#### Problem to solve
Starting with the line that contains "Thị trường hoa Tết tại Đà Nẵng còn trầm lắng" and ending with the last line of the entries, repeat exactly those lines and nothing else, pictures excluded.
↓↓↓
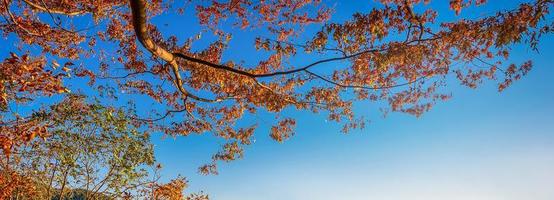 herfst rood en geel Japans esdoorn- blad Aan blauw lucht in tuin met zonlicht. foto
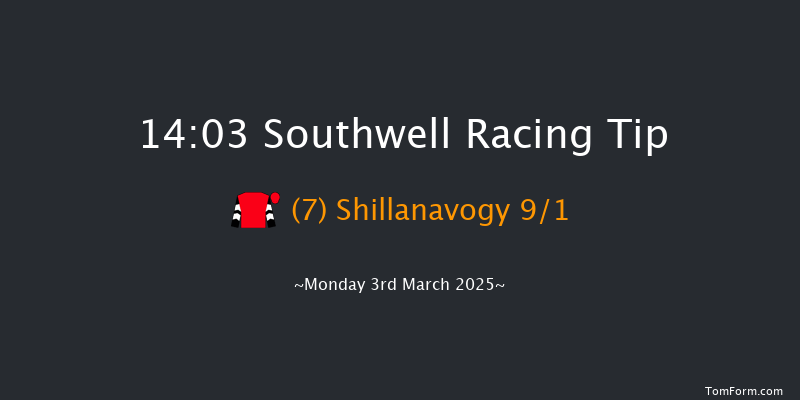 Southwell  14:03 Handicap Chase (Class 4) 24f Sat 1st Mar 2025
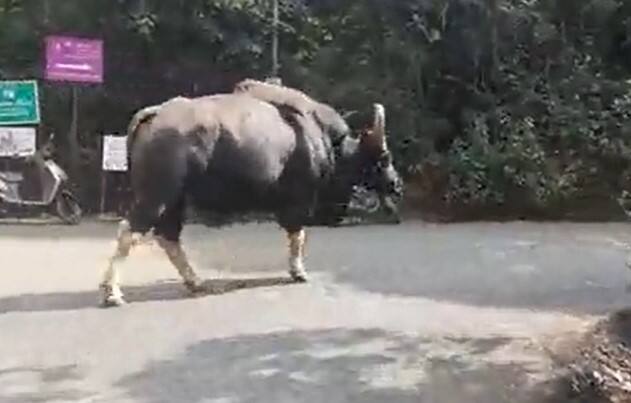 त्यांच्या या मुक्तसंचारामुळे परिसरात शुकशुकाट पसरतो.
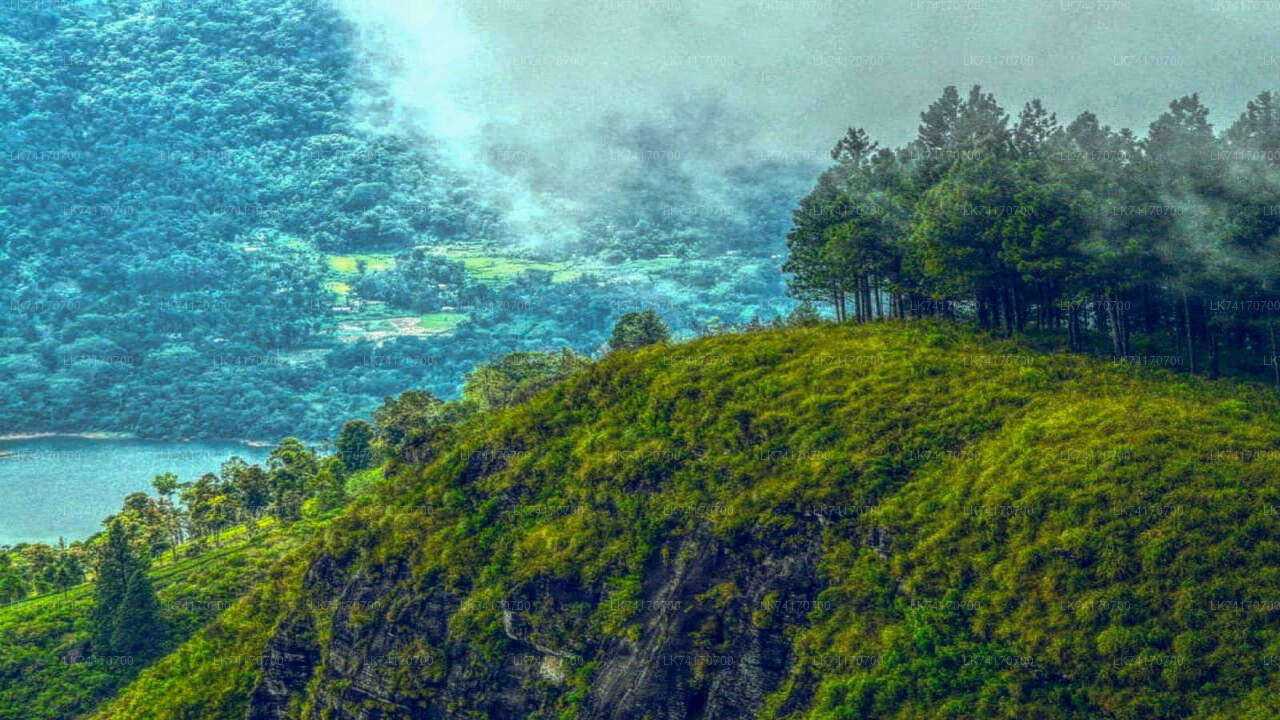 Wanderung von Kandy zum Peacock Hill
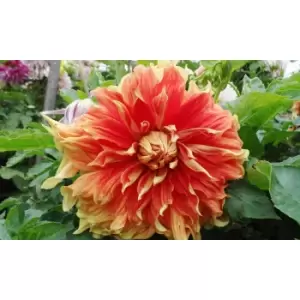 Image of Thompson & Morgan Thompson and Morgan Dahlia Dinner Plate Akita 1 Tuber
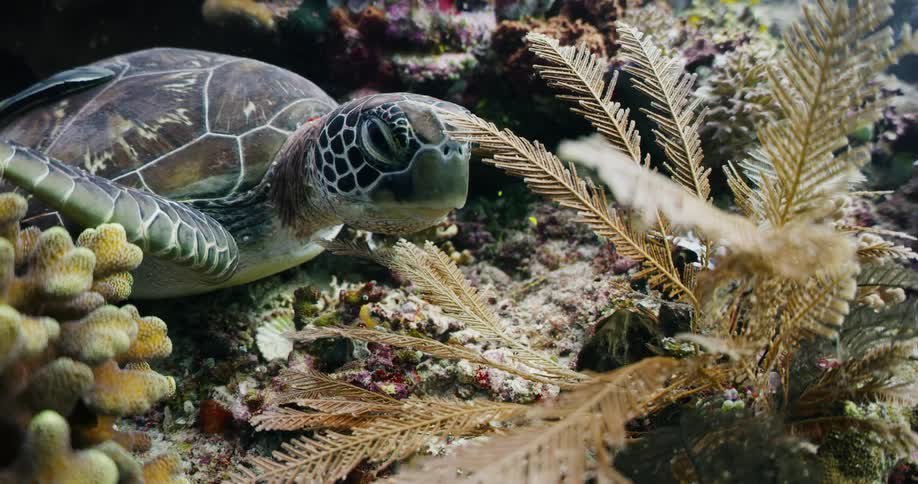 Turtle sits on reef as fish swim past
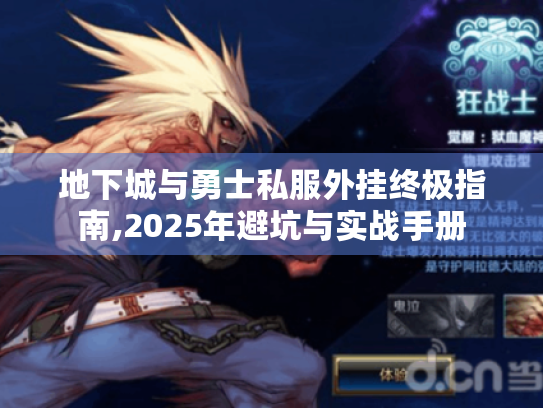 地下城与勇士私服外挂终极指南,2025年避坑与实战手册 地下城与勇士私服外挂终极指南,2025年避坑与实战手册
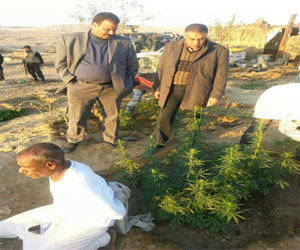   مصر اليوم - القبض على أبو غربة وسط مزارع البانجو في أسوان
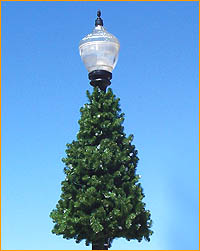 lampost-round-tree-JT-522 Lamppost Round Tree JT 522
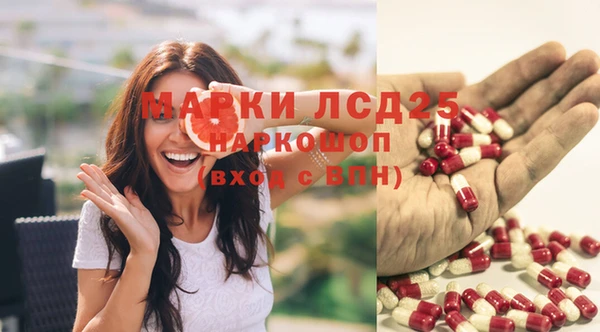 мяу мяу мука Горняк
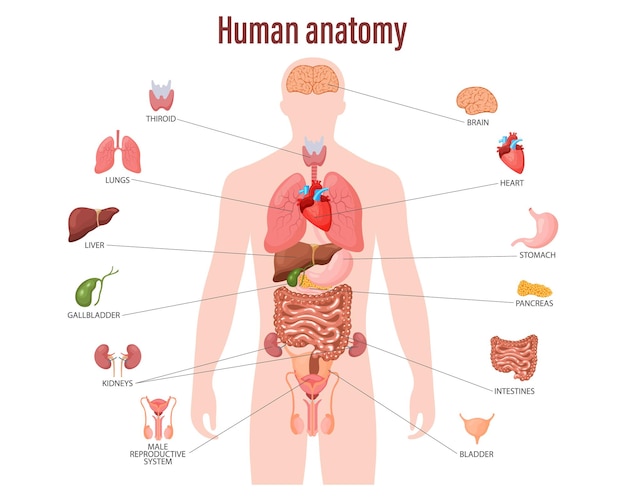 Human anatomy concept Infographic poster with the internal organs of the male body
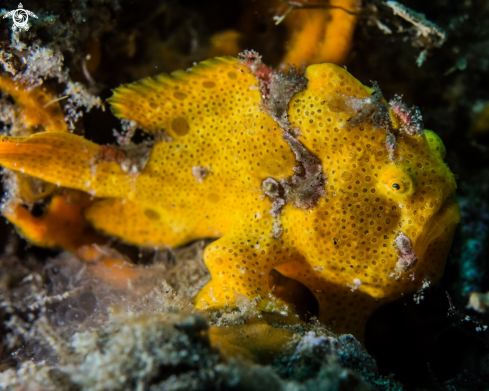 A Antennarius pictus | Painted frogfish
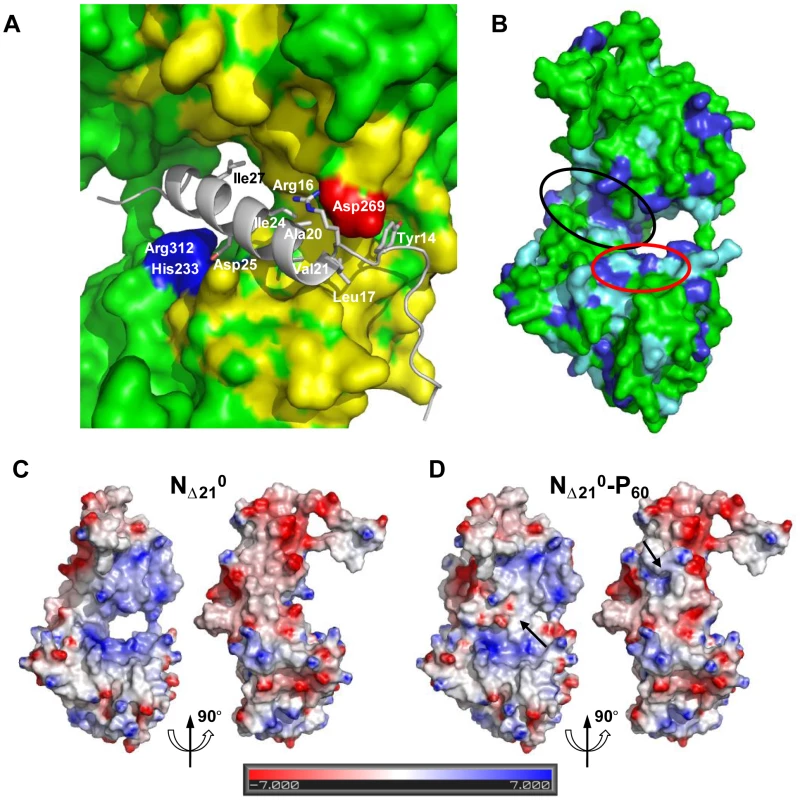 Surface properties and amino acid conservation in the P binding site.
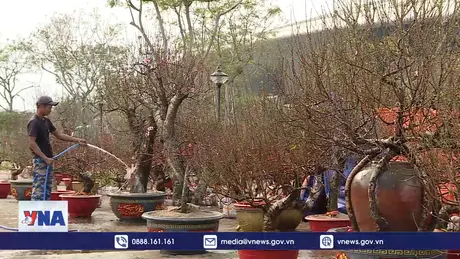 Thị trường hoa Tết tại Đà Nẵng còn trầm lắng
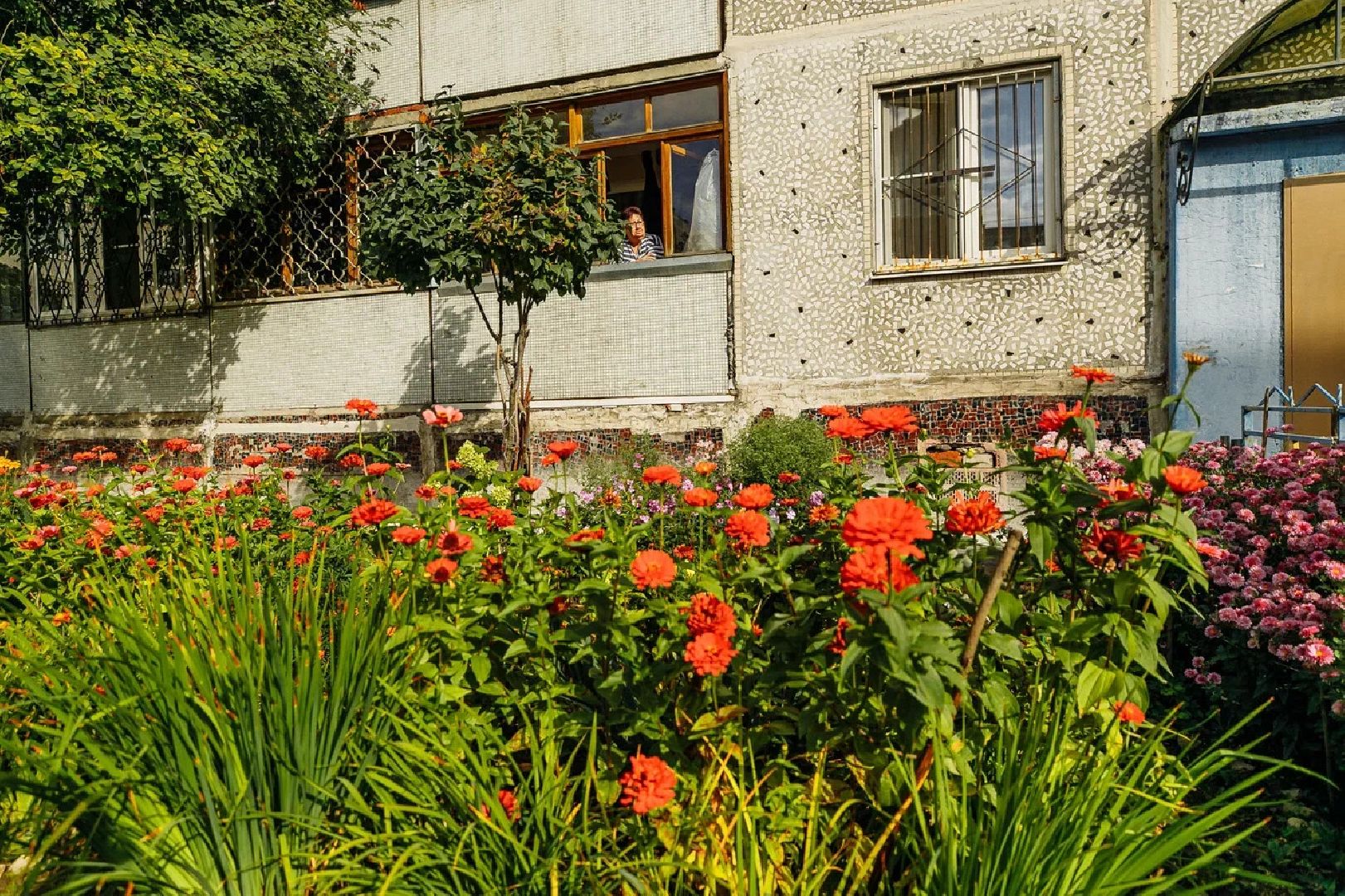 благоустройство, дворы, единая россия, конкурс, орехово-зуево, куровское,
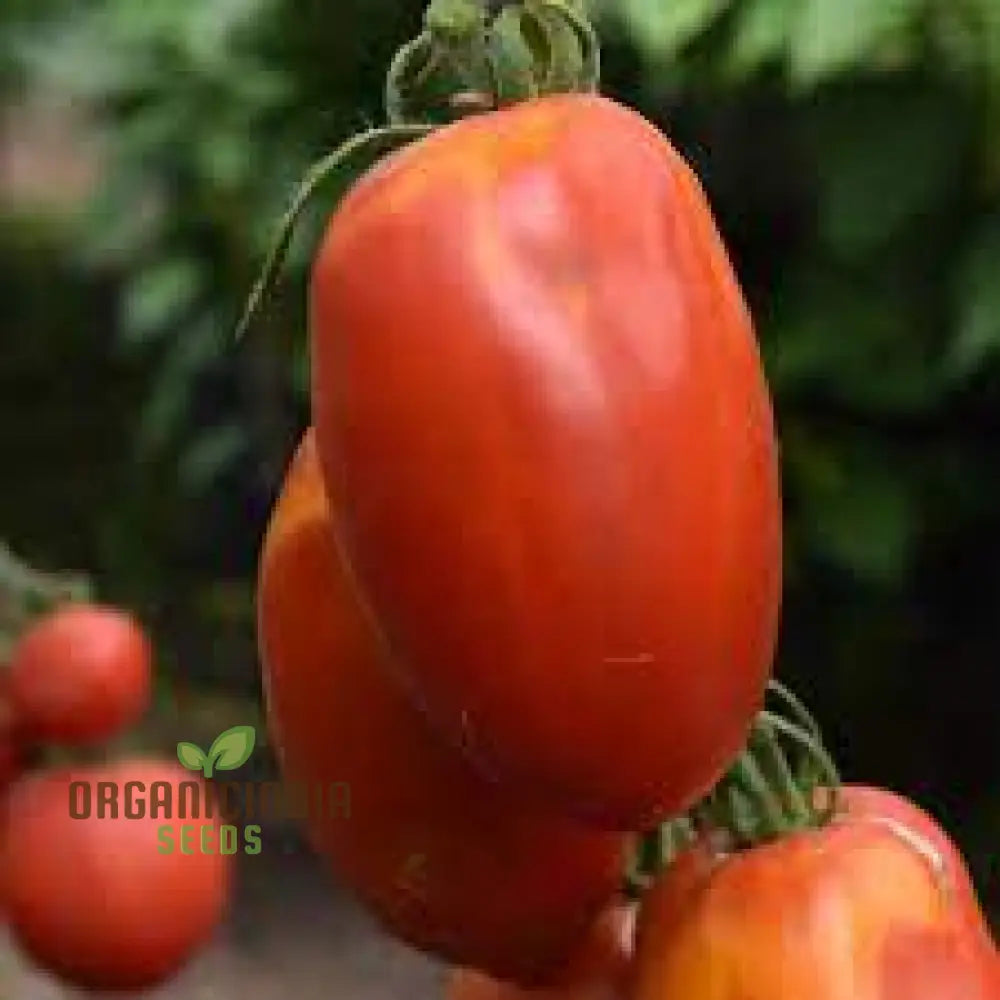 Tomato Jersey Devil Seeds For Planting- Premium Quality For Gardening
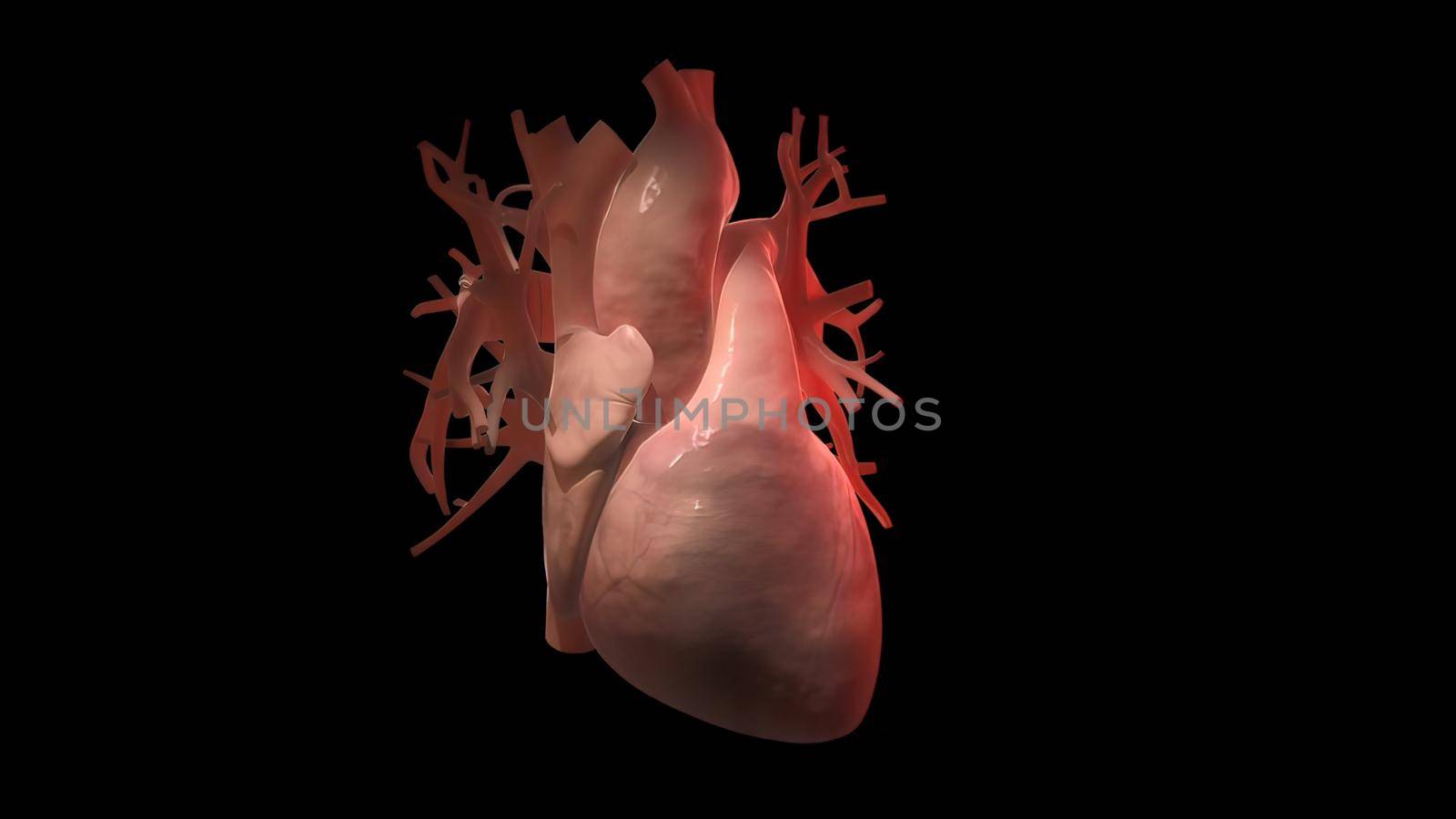 Human heart, realistic anatomy 3d model of human heart on the monitor, visual heart beating. Human anatomy, cardiovascular system. 3D illustration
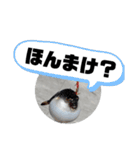 BSFC（個別スタンプ：5）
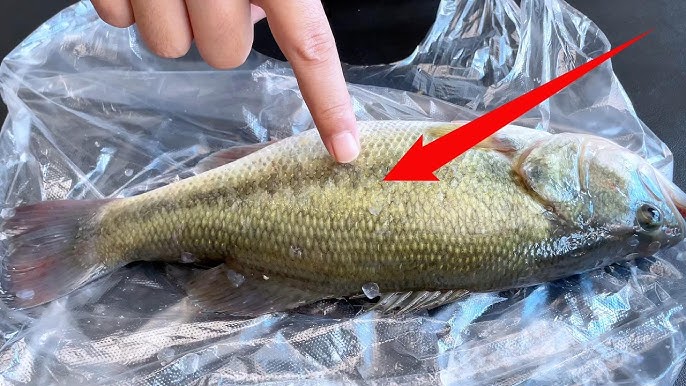 Mẹo đánh vảy cá: Không cần dao hay đồ bào, chỉ dùng 1 "phế liệu" nhỏ là đã sạch sẽ, không lo đứt tay, vảy cá không văng tung tóe- Ảnh 9.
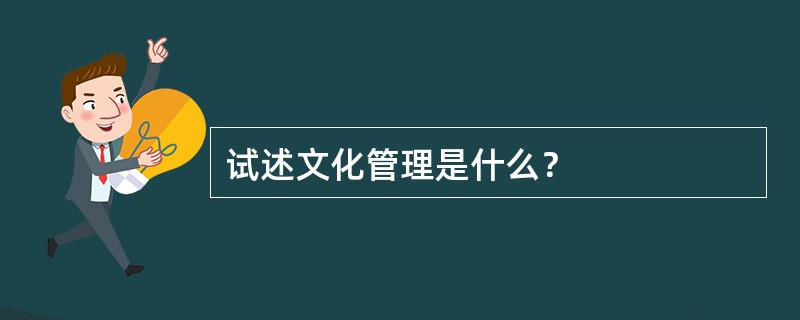 试述文化管理是什么？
↑↑↑
#### Response to this task
 Thị trường hoa Tết tại Đà Nẵng còn trầm lắng
 благоустройство, дворы, единая россия, конкурс, орехово-зуево, куровское,
 Tomato Jersey Devil Seeds For Planting- Premium Quality For Gardening
 Human heart, realistic anatomy 3d model of human heart on the monitor, visual heart beating. Human anatomy, cardiovascular system. 3D illustration
 BSFC（個別スタンプ：5）
 Mẹo đánh vảy cá: Không cần dao hay đồ bào, chỉ dùng 1 "phế liệu" nhỏ là đã sạch sẽ, không lo đứt tay, vảy cá không văng tung tóe- Ảnh 9.
 试述文化管理是什么？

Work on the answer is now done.